I moved onto the water.
Trading concrete for the gentle lapping of waves, I found something I hadn’t even known I was missing: stillness. It is impossible to live surrounded by water and not be changed by it. It seeps into your bones, your breath, your way of being. The rhythms of the river slowed me, soothed me, and eventually reshaped me. The music I make now is quieter, deeper—though no less powerful. It listens as much as it sings. I often say I am a “water gypsy,” and I suppose that’s true. My life now is one of movement and peace, solitude and story.
From this floating sanctuary, I’ve delved into the sacredness of sound in ways I never could before. Music has become my ritual, my offering, my bridge between the seen and unseen. There are moments, mid-composition, when time dissolves. I’ll look up and hours will have passed, and yet I’ve returned with something that feels... ancient. Not written, but retrieved.

Myth, legend, and folklore are constant companions. I’ve always been drawn to the women of story: the selkies, the sibyls, the fae. The high-born lady who flees into the forest to join the Romany camp. The girl who dances barefoot under moonlight. The healer who sings spells into the wind. These are not just archetypes—they are fragments of myself I’ve stitched together through song. I see the world as layered. There is always more beneath the surface if we are willing to listen.
And I listen a lot. I listen to the voices of ancestors in lullabies. I listen to the wind as it whistles through reeds and rigging. I listen to the silence between chords. I’ve learned that silence isn’t absence—it’s invitation. In silence, songs are born.

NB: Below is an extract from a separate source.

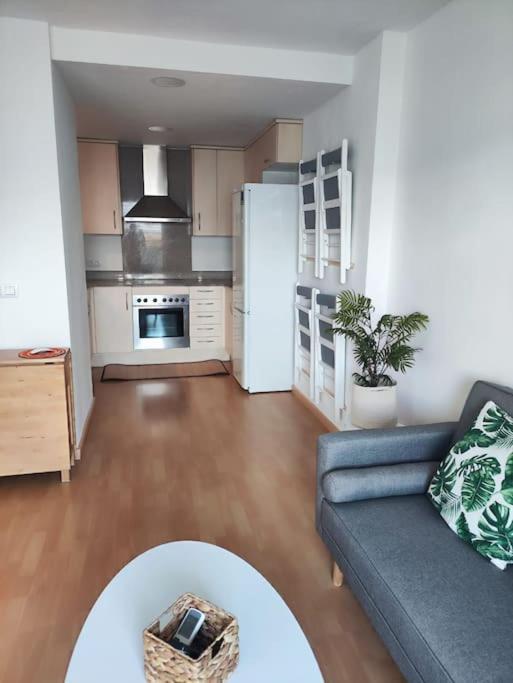Apto Residencial En Rosesアパートメント エクステリア 写真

Of course, like many, I have known loss. I have wept with a guitar in my lap. I have sung through grief when no words would come. But music, in its infinite generosity, has always offered me a path through. And somehow, in my own process of healing, I have, I hope, helped others do the same. I don’t think this is accidental. I think that’s what music is for.
Working with Neil has only deepened this truth. There’s a synergy in our partnership that’s hard to describe—one that’s equal parts alchemy and trust. Together we’ve composed soundtracks for films, written for others, created audio landscapes from pop to cinematic to spiritual. But our real work, I believe, is invisible. It lies in the frequency beneath the note, the energy behind the breath. We don’t just want people to hear—we want them to feel.
Lately, I’ve been channelling this intention into guided meditations and artist support work. For years, I suffered from debilitating stage fright. Now, I help others turn nerves into power, fear into presence. Because it’s all the same root—energy needing somewhere to go. Whether it’s through singing, speaking, or simply being, my mission remains the same: to help people remember who they are, through music.
I’m often asked what my genre is, and I struggle to answer. My music lives at the crossroads—between folk and fantasy, ballad and boldness, reverie and rebellion. It is Celtic, yes. Ethereal, often. But mostly, it’s a conversation between my soul and the world around me.
These days, I feel less like I’m making music and more like I’m receiving it. As if I am just the vessel through which melody flows. And perhaps that is the most spiritual part of all—that surrender. That knowing that what we create is never just ours, but something offered. A torch in the dark. A song on the wind. A memory waiting to be born.